A Trani, per la prima volta 500 anni dopo la morte di Leonardo da Vinci (Anchiano, 15 aprile 1452 – Amboise, 2 maggio 1519), l’unica balestra gigante al mondo funzionante, 22 metri di lunghezza, 24 metri di arco, posizionata in Piazza Re Manfredi, tra il castello federiciano e la maestosa regina delle cattedrali, è stata azionata verso il mare scagliando una palla infuocata. Il pubblico delle grandi occasioni ha seguito incuriosito tutta la manifestazione. La balestra, opera imponente realizzata dall’ingegnere Giuseppe Manisco, pesa 4 tonnellate e mezzo, e sarà in esposizione sino al 10 maggio.

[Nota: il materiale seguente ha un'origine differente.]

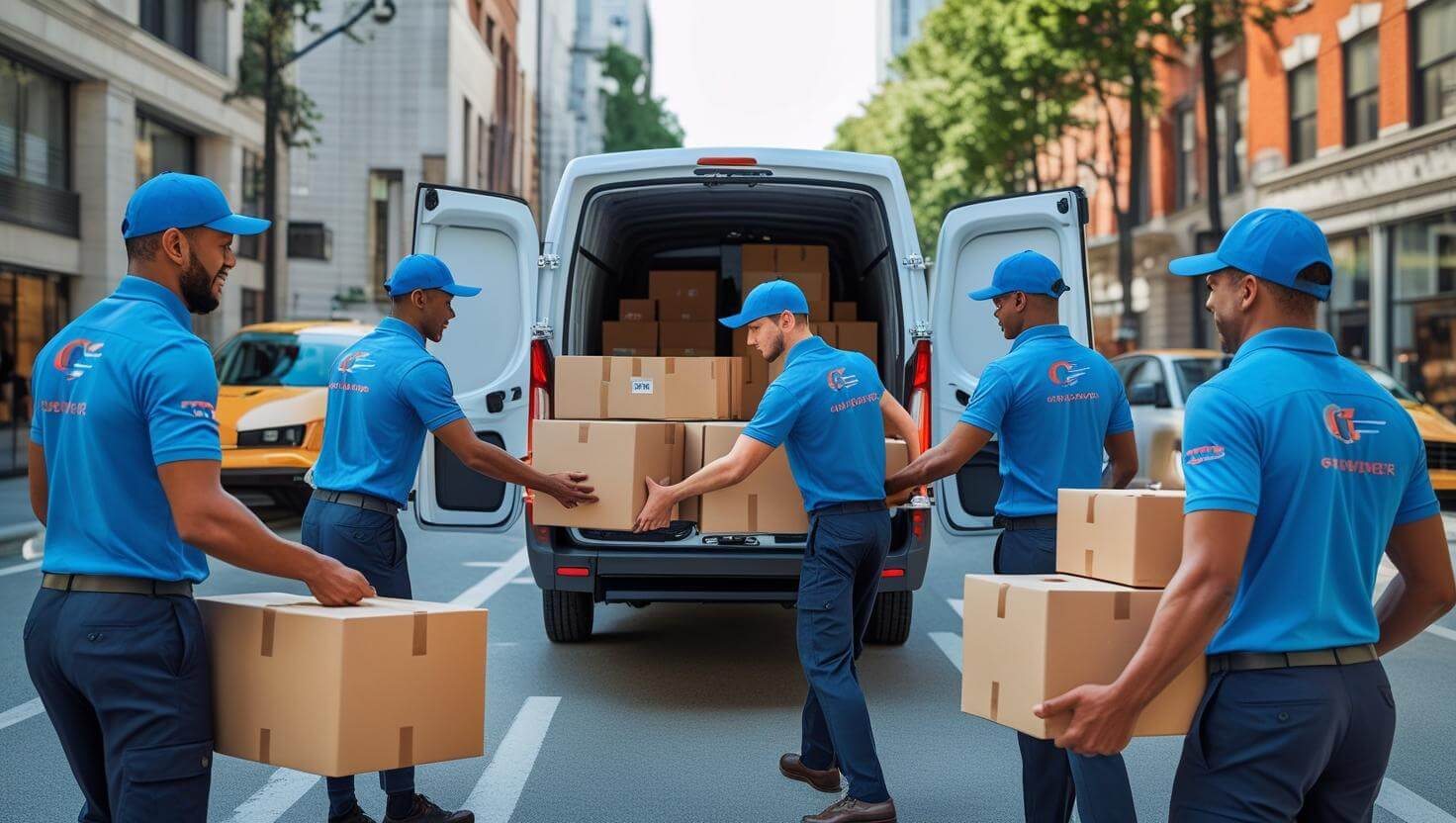 How Many Days Courier Takes to Deliver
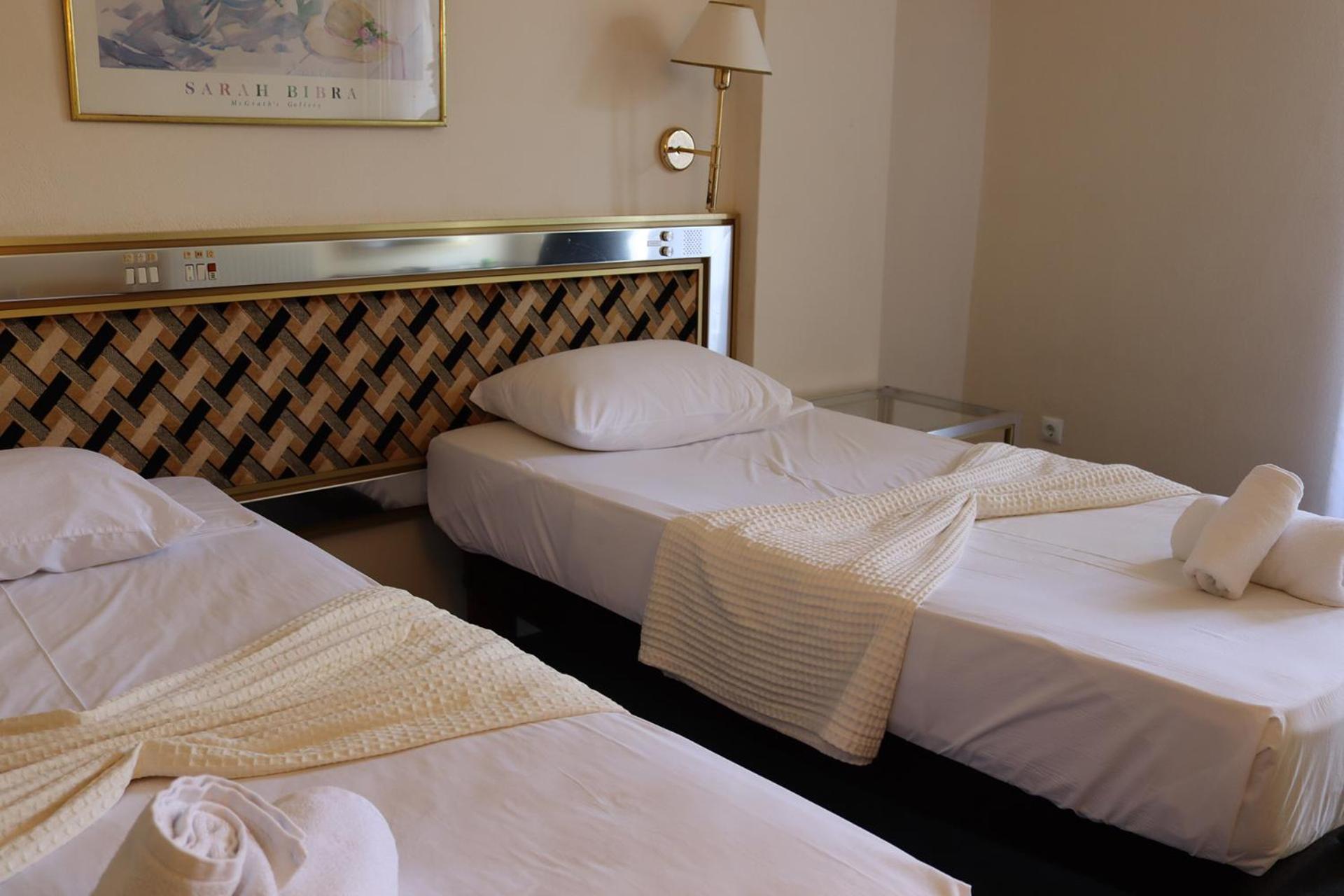 Hotel Theoxenia *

Un evento straordinario che rientra nell’ambito delle iniziative organizzate dal Palazzo delle Arti Beltrani di Trani per le celebrazioni del grande genio di tutti i tempi, cominciate dal 6 aprile scorso con l’inaugurazione della mostra “Il Genio. 500 anni di meraviglia”, fruibile sino al 30 giugno, in cui si può ammirare l’ingegno visionario di Leonardo da Vinci, attraverso 40 macchine da guerra e non della collezione dell’ingegner Manisco, costruite secondo appunti e disegni dei codici leonardeschi.

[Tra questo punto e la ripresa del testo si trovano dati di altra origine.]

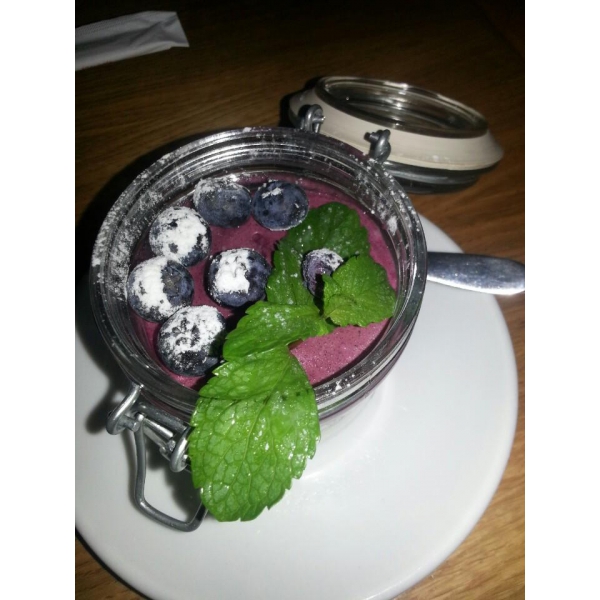 Ресторанный сервис бронирования столиков menu-rest.com - Интерьер ресторана "Mozzarella bar"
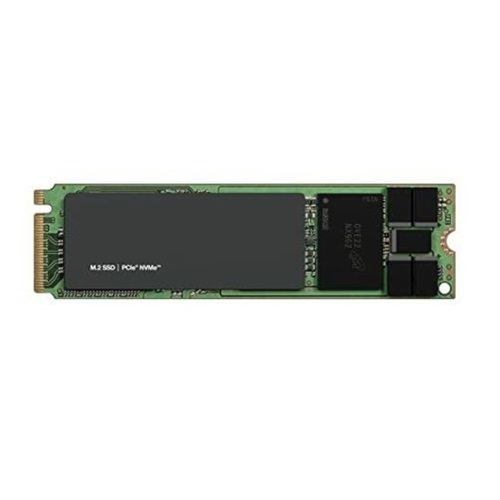 DELL 400-BOPZ internal solid state drive 480 GB M.2 PCI Express 3.0 NVMe (400-BOPZ) thumbnail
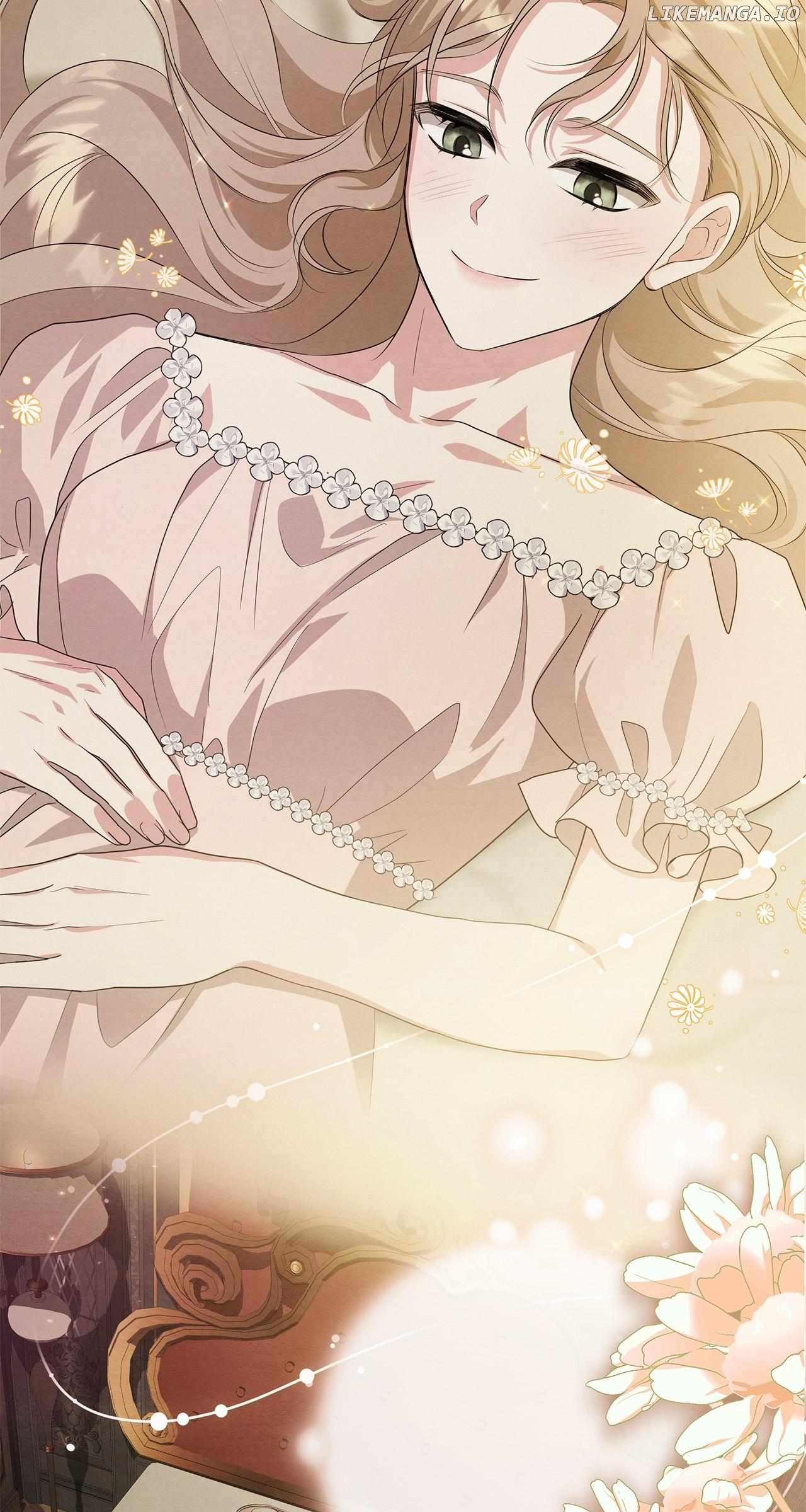 The Devil Who Kisses My Feet Chapter 7 - page 89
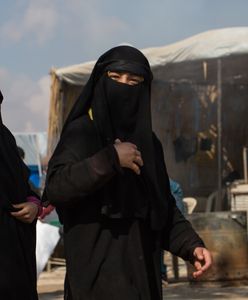 Niemcy chcą sprowadzić członków Państwa Islamskiego z Syrii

Niki Battaglia, direttore di Palazzo Beltrani e curatore della mostra, ha dato il via alle celebrazioni alla presenza delle cariche istituzionali cittadine: il sindaco della città di Trani Amedeo Bottaro e l’assessore alle culture Felice Di Lernia. Presente inoltre il neopresidente f.f. della Provincia di Barletta-Andria-Trani Pasquale de Toma. Battaglia, accompagnato dal suono dei timpani del gruppo Trani Tradizioni, ha scandito le fasi del caricamento della balestra e del lancio successivo della palla di fuoco, azionato con un colpo di martello ad opera dell’ingegnere salentino, in seguito alla trazione dell’arco. È bene specificare che la palla nel progetto originario del genio proteiforme doveva essere di pietra e pesare 100 libbre, circa 50 chili. La variante dell’ingegnere, invece, ha previsto una palla cava di 15 chili, più leggera e galleggiante, per essere prontamente recuperata dal mare dalla Lega navale di Trani.

La grande Balestra, costruita dopo 500 anni dalla morte di Leonardo, affacciata sull’incanto del mare di Trani, è un appuntamento con la storia che ha richiamato moltissimo pubblico oltre che l’attenzione dei media nazionali. Un volo lungo 5 secoli dal progetto del grande genio del Rinascimento alla gigantesca opera dell’ing. Manisco. È infatti da un disegno a sanguigna e inchiostro, custodito nei fogli del prezioso Codice Atlantico della Biblioteca Ambrosiana di Milano, che nasce l’impresa dell’ingegnere di Galatone (Lecce). Mai realizzata dal genio proteiforme ma solo progettata, l’ingegnere salentino, attento studioso e appassionato delle macchine leonardesche, l’ha riprodotta a dimensione reale, seguendo pedissequamente proprio le indicazioni del grande scienziato: “là dove si appicca la corda, 42 braccia” (24 metri dell’arco), per i “tinieri” (22 metri), per 50 centimetri. Una struttura in legno di frassino, realizzata in sezioni lamellari, montata su 6 ruote per il movimento, costruita in maniera totalmente artigianale, persino con le stesse tecniche in uso all’epoca, ovvero forgiatura del ferro e lavorazione a mano del legno. La balestra è la 133ma macchina leonardesca che l’ingegnere realizza. Tutto è cominciato con la “Lancia sassi” circa 15 anni fa.